I hope this is the right place to post this.

Today I found some old copies of Bibliotheca Sacra this one from October-December 1995. Read a article by John D. Reaume regarding this verse. His conclusion he states: Therefore only three of the more than two hundred interpretations remain strong possibilities.

1) Translates "huper" with the sense of "in the place of" as in new believers being baptized to take the place of dead Christians.

2) Translates "huper" with the final sense: "in order to be reunited with their loved ones at the resurrection".

3) Translates "huper" with the sense of "because of": new believers being baptized "because of the influence of deceased Christians".

Perhaps the most plausible interpretation is the third option since it makes sense without a significant ellipsis. He uses Paul as an example Acts 7 being influenced by Stephen's testimony and death.

The third view makes sense and I did not know that there were more than two hundred interpreations.


----------



## larryjf (Jul 28, 2010)

It could be: 
The kind of baptism that the Jews would undergo upon touching a dead body, picturing resurrection from the dead.
The kind of baptism that a dead body itself underwent in the cleaning and preparing of it for burial. The inference would be, why put so much care into the dead if they are not to rise again?


----------



## Peairtach (Jul 28, 2010)

> It could be:
> The kind of baptism that the Jews would undergo upon touching a dead body, picturing resurrection from the dead.
> The kind of baptism that a dead body itself underwent in the cleaning and preparing of it for burial. The inference would be, why put so much care into the dead if they are not to rise again?



But why would an Apostle mention these, and in a letter to Corinthians rather than Jews?



> 1 Cor.15:29 Baptized for the Dead
> I hope this is the right place to post this.
> 
> Today I found some old copies of Bibliotheca Sacra this one from October-December 1995. Read a article by John D. Reaume regarding this verse. His conclusion he states: Therefore only three of the more than two hundred interpretations remain strong possibilities.
> ...



This still happens in paedo (Covenantal)baptist circles, e.g. if the believing mother of the child to be baptised, dies in childbirth. Her child is holy because of the faith she exercised in life. 

The child is to be baptised for the dead (mother). If the mother is so dead that she is not going to rise again, then such baptisms are an obvious example of a contradiction created by non-belief in the resurrection.


----------



## larryjf (Jul 28, 2010)

Richard Tallach said:


> > It could be:
> > The kind of baptism that the Jews would undergo upon touching a dead body, picturing resurrection from the dead.
> > The kind of baptism that a dead body itself underwent in the cleaning and preparing of it for burial. The inference would be, why put so much care into the dead if they are not to rise again?
> 
> ...


 
Because the early church and the Jewish community were not really segregated as we see today, rather the early church was the fulfillment of judaism and seen as part of the Jewish religion early on.
It is thought that many Jewish practices carried over into Christian churches in the early apostolic era.

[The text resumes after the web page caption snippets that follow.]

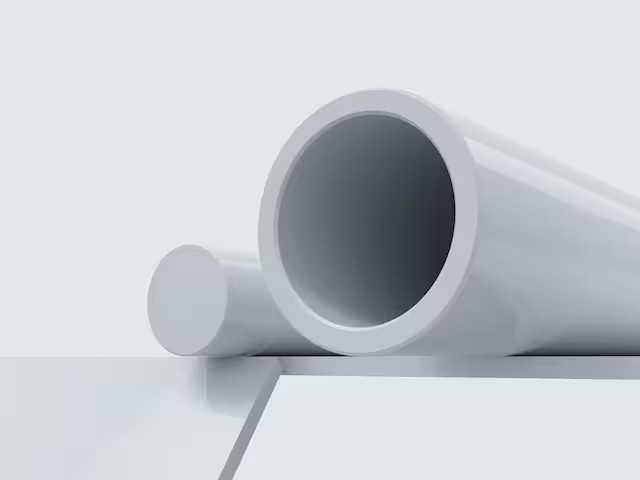 Proteus™ Homopolymer PP White
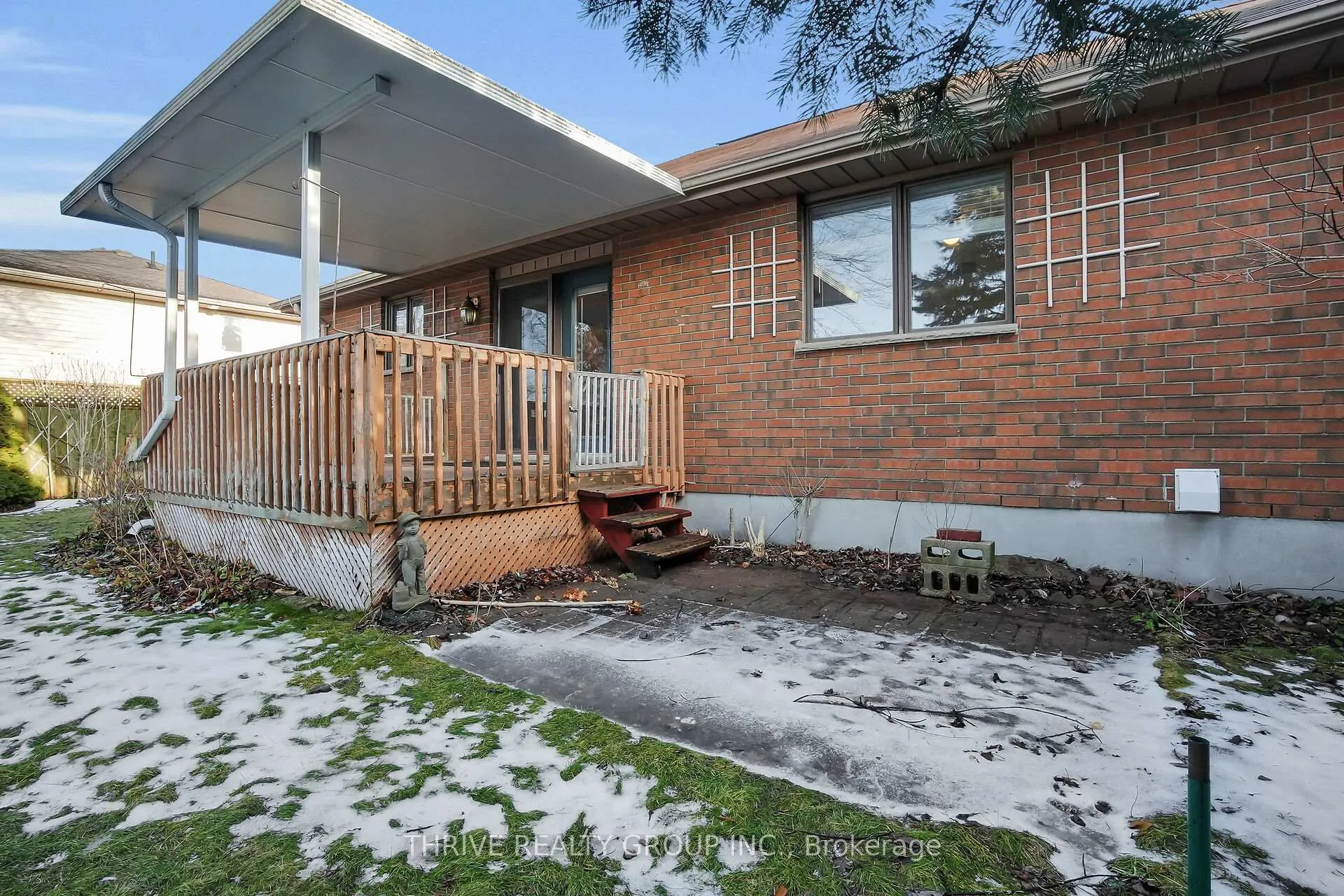 Photo 31 of 24 Parkview Crescent, Strathroy-Caradoc, SE — HOMEH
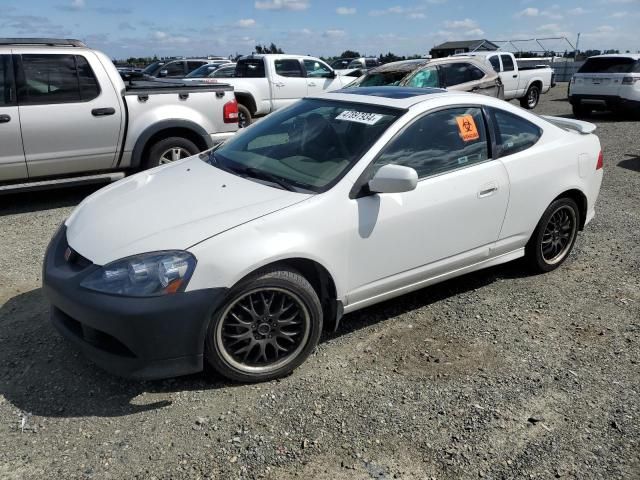 2006 Acura RSX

Besides, i doubt that it was only the Jews who had procedures for cleaning oneself after touching a dead body...or preparing the dead for burial.


----------



## Peairtach (Jul 31, 2010)

> Because the early church and the Jewish community were not really segregated as we see today, rather the early church was the fulfillment of judaism and seen as part of the Jewish religion early on.
> It is thought that many Jewish practices carried over into Christian churches in the early apostolic era.
> 
> Besides, i doubt that it was only the Jews who had procedures for cleaning oneself after touching a dead body...or preparing the dead for burial.





> The kind of baptism that the Jews would undergo upon touching a dead body, picturing resurrection from the dead.

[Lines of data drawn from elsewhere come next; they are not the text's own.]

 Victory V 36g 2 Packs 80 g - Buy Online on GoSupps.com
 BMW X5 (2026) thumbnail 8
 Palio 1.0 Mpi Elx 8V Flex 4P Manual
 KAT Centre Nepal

Was the Jewish element in Corinth strong?

Wouldn't this also be an example of the Apostle Paul giving implicit recognition to "taste, not, touch not, handle not" laws, which he elsewhere says have passed away, by connecting them with the resurrection from the dead effected by Christ's resurrection. we know from Colossians and Galatians and elsewhere, that although he believed in being as one under the law to those under the law, he didn't want to encourage the notion that any Christian should feel obliged _before God _to obey anything that was of the ceremonies and that wasn't moral. 

These were types that had passed away with Christ's resurrection, not to be given implicit support by using continuing and erroneous New Covenant practice of them as an argument for the resurrection.



> The kind of baptism that a dead body itself underwent in the cleaning and preparing of it for burial. The inference would be, why put so much care into the dead if they are not to rise again?



This is hardly a sound theological argument for the Apostle Paul to make from cultural practice. The Corinthians could say that they liked to do this to the bodies, while other peoples weren't so careful. Did this mean that the Apostle was arguing that the other peoples' dead weren't going to rise?

Besides it talks about people being baptised _for_ the dead, not about the dead _themselves_ being baptised.


----------